Arrington likes to target eddies located right below the shoals also. He'll fish the current breaks and around any rocks or logs with the crankbaits. If there's a stump or top nearby, that makes it even better. When speaking of eddies, he's talking about the areas below the shoals where the water curls slowly back upstream. Areas such as this provide the bass with places to rest while waiting in the attack mode for any unsuspecting morsel that may be swept by.

Topwater action

Arrington's favorite lure technique is fishing topwater lures during the mid- to late-afternoon hours when the bass become aggressive and hungry. Cloudy days seem to spur the better topwater bites, but the bass are prone to strike on top almost anytime of the day when they are active. Favorite topwater lures are the old favorite Devil's Horse, Wood Chopper, Lucky 13 and broke-back Rapala.

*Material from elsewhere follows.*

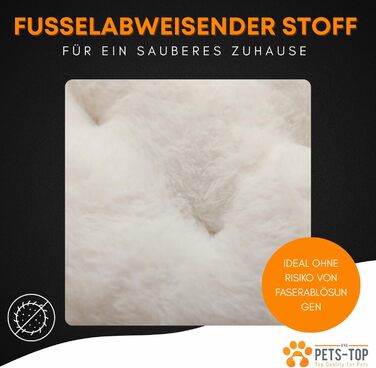 М'яке ліжко для кота з плюшу, кругле, біле, 60 см – зручний лежак для котів та маленьких собак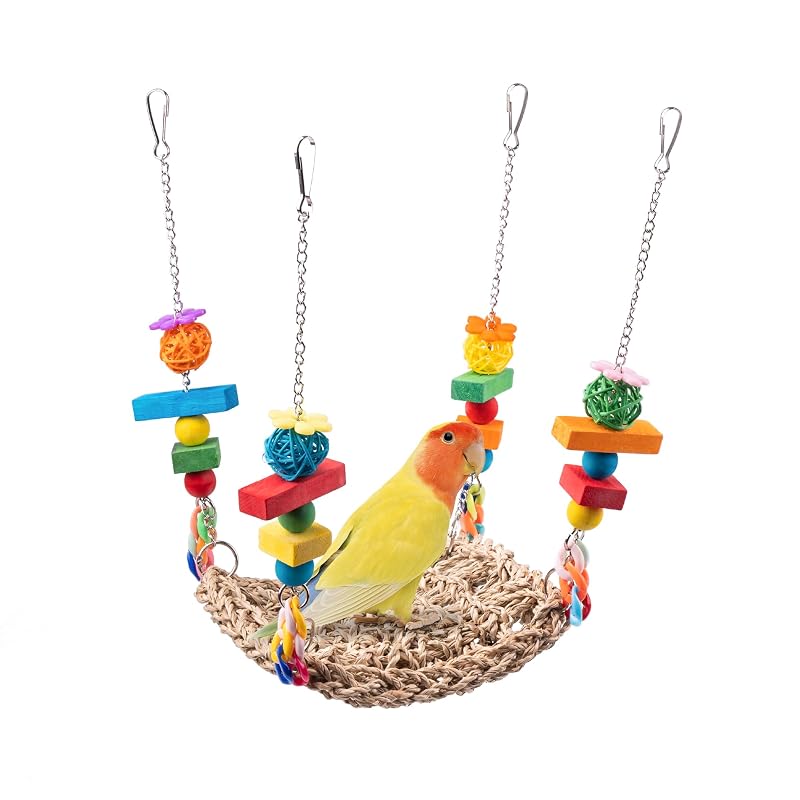 Balanço de madeira para aves Wagably WAGA0009 com escalada e sino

While he may fish a white or bream-colored Devil's Horse on occasion, Arrington prefers fishing darker-colored Lucky 13s.

Many of Arrington's bites will come during the first couple of jerks on the bait, and that's especially true of the broke-back Rapala. He'll cast the bait out, let it sit a second and twitch it under once or twice. If the bass doesn't strike then, he'll continue to work it back to the boat with the knowledge that a strike may occur at any time. When the bass are active, he'll catch bass all afternoon long.

Kentucky bass typically range from 1 1/2 to 2 pounds on the larger sides in the creeks. Some of the smaller rivers such as the Chickasawhay, which runs from Enterprise on down past Quitman and Shubuta, have lunkers in the 3-pound range. And on rare occasions, anglers sometimes catch largemouths in the 4- to 5-pound range on some of the smaller creeks and rivers.

Anglers wanting to experience exciting summertime fishing need look no farther than the nearest stream, creek or small river near their homes. These areas typically receive little or no fishing pressure, and are usually home to good numbers of spotted bass.